Hickey pointed at the moonlit water. ‘A little black head popped up over there and looked right at me. It must of been a seal.’ He jumped in his seat. ‘There he is! It was a seal. Jaysus, me heart. For a minute there, I thought I seen the Devil again. Ah for fuck’s sake, Tristram, are you blind or what? Follow the line a me finger.’

I wasn’t looking at the water. I was looking at Hickey.

‘Look at the little fecker,’ he said, shaking his head in disapproval. ‘His skin all black and slimy like the Devil’s. The holes instead a ears, as if his real ears got burnt off in a fire. The sneaky little bollockses duck out a sight before you can get a proper look at them. Seals are disgustin if you think about them for too long.’ He turned to me. ‘D’ya know what I mean, Tristram?’

I said nothing. I didn’t know what he meant but I knew he meant something. The pilot light at the top of the beacon on the East Pier was pulsing behind his head. It seemed quite close but a deep channel of water divided us. Deep enough and broad enough for trawlers to pass.

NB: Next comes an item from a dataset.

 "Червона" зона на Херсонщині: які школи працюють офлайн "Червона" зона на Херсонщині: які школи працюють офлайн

‘God knows what you’d find if you dredged Howth Harbour,’ Hickey remarked. ‘God knows who you’d find, more like. I used to think when I was a kiddie that there was this big plug you could pull an the whole thing’d go whirling down the drain. All the boats’d be left sitting on the bottom, keeled over on their sides. The fish’d be flipping about in the mud. They’d find the skeletons. An the seals. Yeah, the seals’d be snared rapid. Here, give us that.’ He grabbed the hip flask as if I’d been hogging it. ‘Ah, ya sly bastard,’ he said with a wink when he discovered the tightly screwed cap. He wrenched the thing open and knocked back another mouthful, making a face as if the contents burned: Ahhhhh . I closed my eyes and inhaled the fumes.

‘You’re very pale, Tristram. That’s another thing everyone keeps saying about you. They say: he’s very pale, isn’t he? Hasn’t he gone very pale? He wasn’t always that pale, sure he wasn’t? Death warmed up. That’s what they call you behind your back. Did ya know that? Death warmed up. Something funny there. Jaysus, it’s fucken freezing in here.’ He ratcheted up the heating dial.

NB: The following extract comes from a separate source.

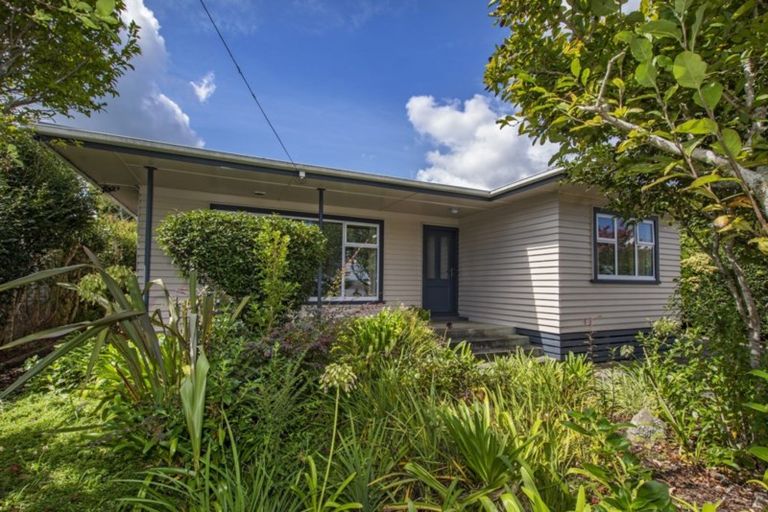 Photo of property in 97 Onerahi Road, Onerahi, Whangarei, 0110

I didn’t rise to it. Accept the things you cannot change.

‘Good to be alone though, isn’t it, all the same? Just you an me on our own beside the sea having a nice friendly little chat. No one to interrupt us. Bit a peace and quiet from the wife. I always felt that this was my turf down here. You rich kids had the hill, the run a the mountains an that. The coves an the rock pools on the other side, the sunny side. South-facing. Isn’t the Dublin Bay side south-facing? Isn’t that right, Tristram? Some dickwad grows grapes up there, I heard. But we had down here.’ He lightly depressed and released the accelerator for emphasis. The engine revved but it was disengaged. The truck was going nowhere.

Hickey gestured with the flask at the boulders buttressing the end of the pier. They formed a staggered descent to the sea. ‘That’s where we’d go fishing, me an the lads, down on the rocks. Mackerel an herring. Smoked cod. We’d be sitting there casting lines an drinking tins for hours. These inner-city heads would come out on the Dart an the lot of us’d be talking absolute shite, total fucken rubbage. They thought we were posh! They were in bad shape, them lads. On the gear, ya know yourself. Not the gear you were on. I took care a you, Tristram. I made sure you got nothing but the best. But these poor fuckers. They were on the dirty stuff. The night’d usually end in a punch-up. Then we’d shake hands. They were good lads. Best days a me life. But there’d be these rats crawling around between the rocks.’ The engine note rose and fell. ‘Sea rats. Have ya ever seen a sea rat, Castler?’ I blinked. No one had called me by that name in years. I had almost forgotten that I had been that person. ‘They’re black with this greasy, spiky fur, like them young fellas with the gel in their hair. You’d see them scuttling around between the cracks. The rats, not the young fellas, ha ha. It’s like the seals. The rats an the seals. This place is literally crawling with them. This place is coming down.’ He shook his head and took another swig from the flask. Ahhhhh . That smell. Lord, that smell.